Essa visão que coloca o Brasil em uma “posição delicada no tabuleiro internacional”, já que tradicionalmente o país é ligado ao Ocidente. É o que aponta o professor Guilherme Casarões, de Relações Internacionais da Fundação Getulio Vargas (FGV).
“A presença do Brasil bloco pode dificultar a manutenção de canais de diálogo com países ocidentais, sobretudo em temas ligados aos conflitos contemporâneos (Ucrânia, Gaza e, cada vez mais, Venezuela) e esse será um grande desafio brasileiro para os próximos anos”, avalia o especialista.
“Ainda assim, o governo Lula tem conseguido manter uma abordagem construtiva na política internacional, o que se evidencia nos trabalhos do G20, cuja cúpula ocorrerá no Rio de Janeiro, em novembro deste ano”, destaca Casarões.
Começa em Kazan, na Rússia, reunião de cúpula do Brics
É com essa premissa que o presidente deve se dirigir aos demais chefes de Estado do grupo na manhã desta quarta, por videoconferência. Lula viajaria para a Rússia para participar do encontro, mas teve a viagem cancelada por um acidente doméstico.
Países ‘parceiros’
Durante a reunião, o Brics vai discutir a criação de uma categoria de países parceiros. Cerca de 30 nações desejam ingressar pelo novo formato, entre eles Venezuela, Nicarágua, Bolívia, Cuba, Turquia, Nigéria, Marrocos e Argélia.
Por pressão do Brasil, no entanto, a Venezuela e a Nicarágua ficaram de fora da lista de possíveis parceiros do Brics.
O presidente Lula durante reunião no Alvorada nesta segunda-feira (21)
Ricardo Stuckert/ Palácio do Planalto
A entrada de países pouco democráticos no novo arranjo pode lançar dúvidas sobre os reais objetivos do grupo. Além disso, os Brics já contam, desde a fundação, com Rússia e China, países autoritários.
“Historicamente, somente Brasil e Índia (somados, posteriormente, à África do Sul) são regimes democráticos. Esse quadro se agravou ainda mais com a recente expansão no bloco, que incorporou regimes abertamente autoritários, como Irã, Egito, Arábia Saudita e Emirados Árabes”, afirma Guilherme Casarões.
Segundo Vanessa Braga Matijascic, professora de Relações Internacionais da FAAP, “todos os países podem ser candidatos em detrimento de regimes políticos serem democráticos ou autoritários”.
“O que resta a países defensores da democracia, como o Brasil, é tentar minimizar a presença de autoritarismos vindos da própria região e envolvidos em crises políticas, como Venezuela e Nicarágua, o que explica o recente posicionamento do governo Lula de se opor à entrada desses países”, reitera Casarões.
Presidência do Brasil
Ao mesmo tempo, especialistas afirmam que a entrada de novos membros pode fazer com que o grupo diminua a sua “operabilidade”.
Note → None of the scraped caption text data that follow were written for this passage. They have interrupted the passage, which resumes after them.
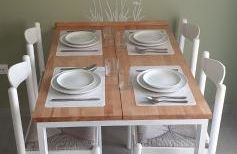 MAYA's HOME - Foto 15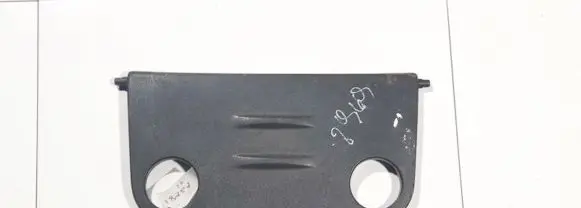 Ford Transit Other interior part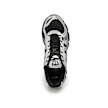 ASICS SportStyle Wmns Gel-Kayano 12.1 silber 87437 4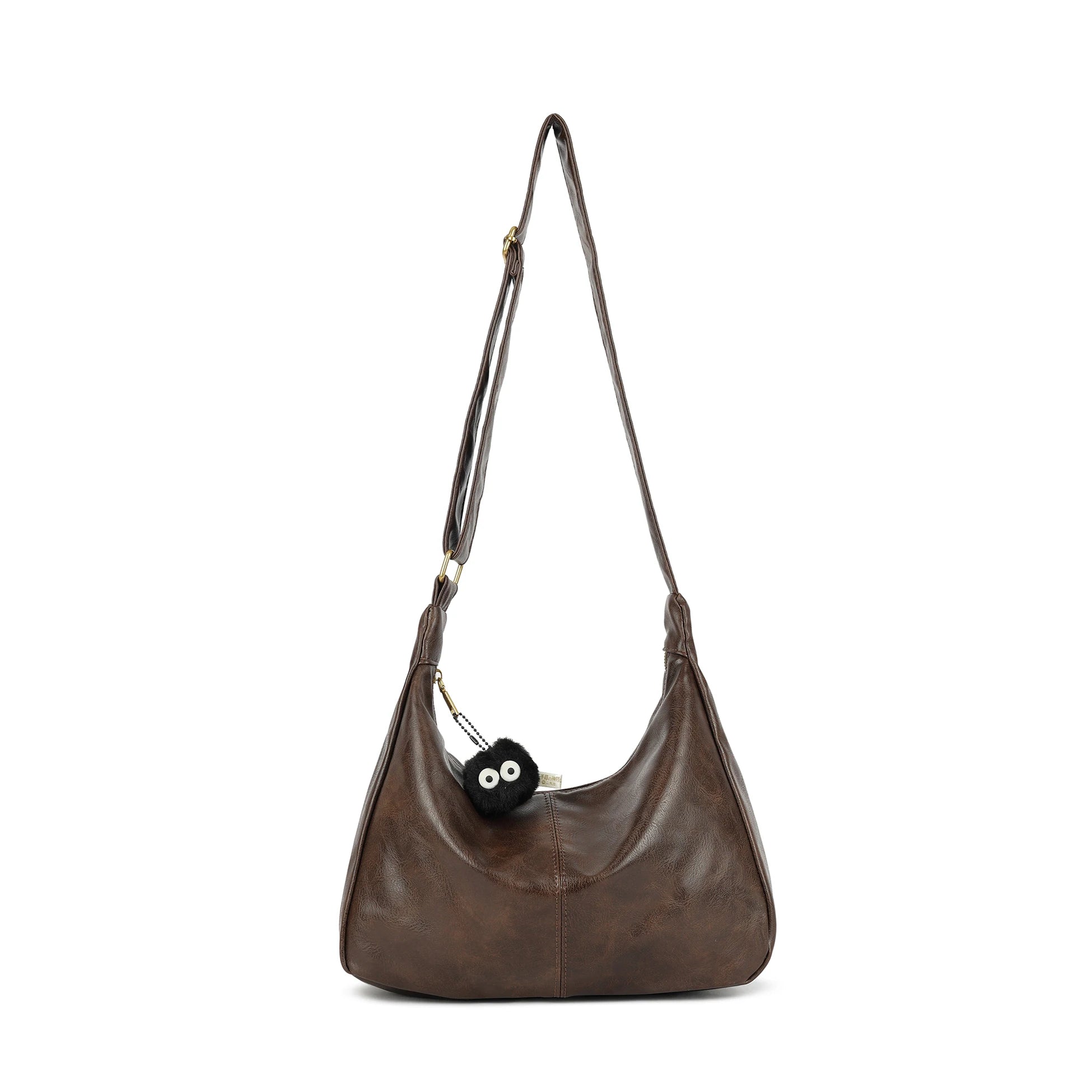 tote bag waterproof women handbags crossbody bag bags women handbags ladies business handbags for women free shipping casual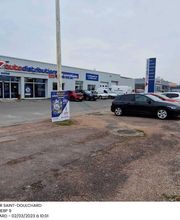 AUTODISTRIBUTION image 6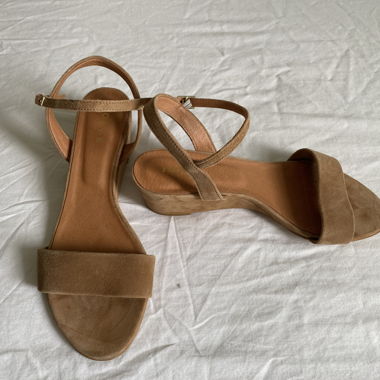 Sandalen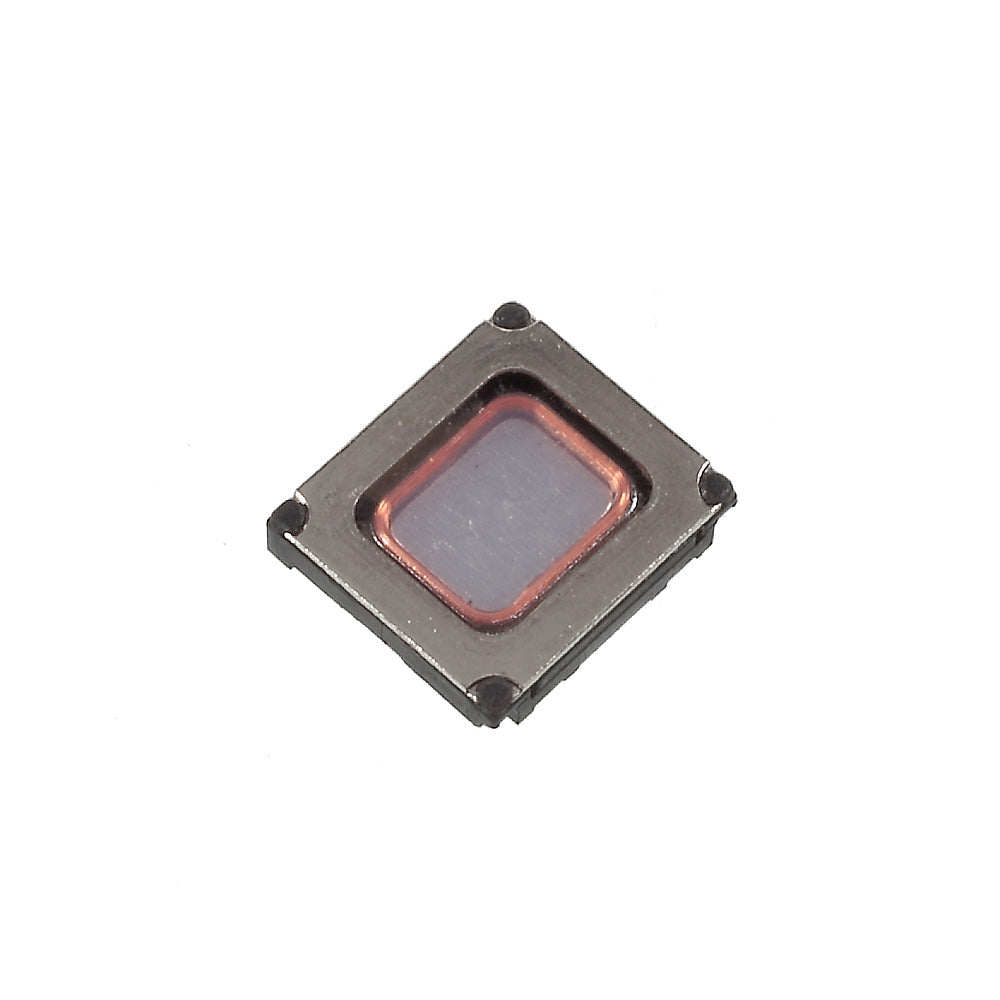 OEM Earpiece Speaker Replacement Part for Huawei P8/P8 Lite/P9 Lite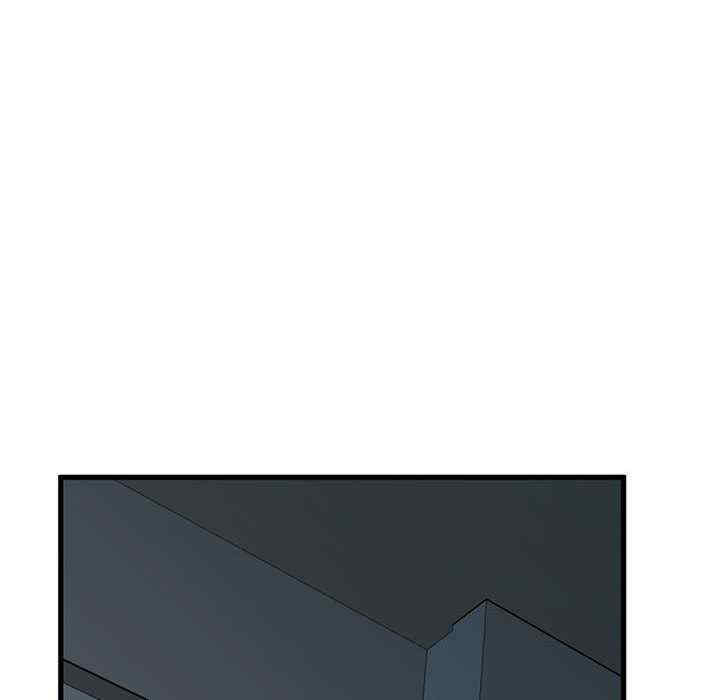 发小碰不得/强制催眠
De acordo com o professor do Instituto de Relações Internacionais da Universidade de Brasília (UnB), Roberto Goulart Menezes, o Brasil acredita que um grupo muito grande é inoperável e que o peso do país poderá diminuir o movimento de entrada de outras nações.
Na visão dele há, de fato, pontos conflitantes dentro do bloco. Mas, a posição de um país não costuma ser vista pela comunidade internacional como uma visão do grupo em geral.
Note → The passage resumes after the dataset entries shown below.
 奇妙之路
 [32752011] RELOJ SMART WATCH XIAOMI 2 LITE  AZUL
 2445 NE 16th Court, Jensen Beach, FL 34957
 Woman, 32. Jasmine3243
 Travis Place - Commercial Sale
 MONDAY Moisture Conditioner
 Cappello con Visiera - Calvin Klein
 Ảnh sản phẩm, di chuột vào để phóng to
“A China tem como objetivo aumentar o Brics e projetar seu poder global. O que a China quer é que haja um maior número possível de países, para projetar usa influência. A Rússia tem esse desejo [de contrapor as potências ocidentais], para tentar romper o cerco que sofre hoje por conta da guerra. Enquanto outros países, como Brasil e Índia, não querem ser vistos como ‘anti-Estados Unidos'”, explica.
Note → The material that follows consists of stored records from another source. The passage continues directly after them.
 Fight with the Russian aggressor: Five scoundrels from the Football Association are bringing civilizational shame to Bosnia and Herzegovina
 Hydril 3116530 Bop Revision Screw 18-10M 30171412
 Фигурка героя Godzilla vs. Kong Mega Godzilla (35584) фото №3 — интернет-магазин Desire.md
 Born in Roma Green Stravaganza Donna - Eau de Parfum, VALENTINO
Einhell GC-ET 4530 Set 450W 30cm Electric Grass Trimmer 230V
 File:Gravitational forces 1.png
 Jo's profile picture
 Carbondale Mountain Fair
Segundo ele, o Brics é um bloco geopolítico, “que não converge em todas as posições”.
No próximo ano, o Brasil assume a presidência do Brics e deverá pautar temas que considera as próprias prioridades para política externa. Como combate à fome, desenvolvimento sustentável e redução da desigualdade.
Mas, na visão de Vanessa Braga, o Brasil assume uma “posição pragmática” e busca outros relacionamentos alternativos globais para verificar quais serão as futuras vantagens.
“Contudo, assume o risco de sofrer retaliações comerciais e possível perda de competitividade na venda de produtos para a exportação, como é o exemplo da pressão que a Arábia Saudita sofreu por parte dos Estados Unidos que compra um volume importante de petróleo deste país do Oriente Médio”, destaca a especialista.